Positive metric entropy arises in some nondegenerate nearly integrable systems

TL;DR

This paper demonstrates that certain small perturbations of integrable systems can produce positive metric entropy, indicating chaotic behavior outside invariant tori, which challenges traditional expectations from KAM theory.

Contribution

It constructs a specific smooth perturbation of a geodesic flow on a flat 3-torus that yields positive metric entropy outside KAM tori, revealing new chaotic dynamics.

Findings

Existence of positive metric entropy outside KAM tori in perturbed systems

Construction of a smooth perturbation leading to positive Lyapunov exponents

Chaotic behavior persists despite small perturbations in nearly integrable systems

Abstract

The celebrated KAM Theory says that if one makes a small perturbation of a non-degenerate completely integrable system, we still see a huge measure of invariant tori with quasi-periodic dynamics in the perturbed system.
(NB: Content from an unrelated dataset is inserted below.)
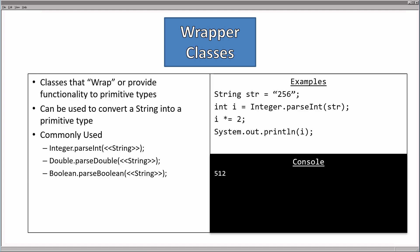Another type of useful class is called a wrapper class. These classes wrap around or provide functionality to primitive types. These can be very useful to, for instance, convert a string into a primitive type. Some of the most commonly used ones are integer.parseInt, which converts a string argument into an integer value; double.parseDouble, which converts a string into a double; and boolean.parseBoolean, which converts a string into a boolean. So this value '256' is a string — we can't do mathematical operations on a string. What we do is call integer.parseInt, which converts the string '256' into the integer value 256. Then we multiply 256 by 2 and reassign it, ending up with the value 512.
These invariant tori are known as KAM tori. What happens outside KAM tori draws a lot of attention. In this paper we present a Lagrangian perturbation of the geodesic flow on a flat 3-torus. The perturbation is $C^\infty$ small but the flow has a positive measure of trajectories with positive Lyapunov exponent, namely, the flow has positive metric entropy. From this result we get positive metric entropy outside some KAM tori.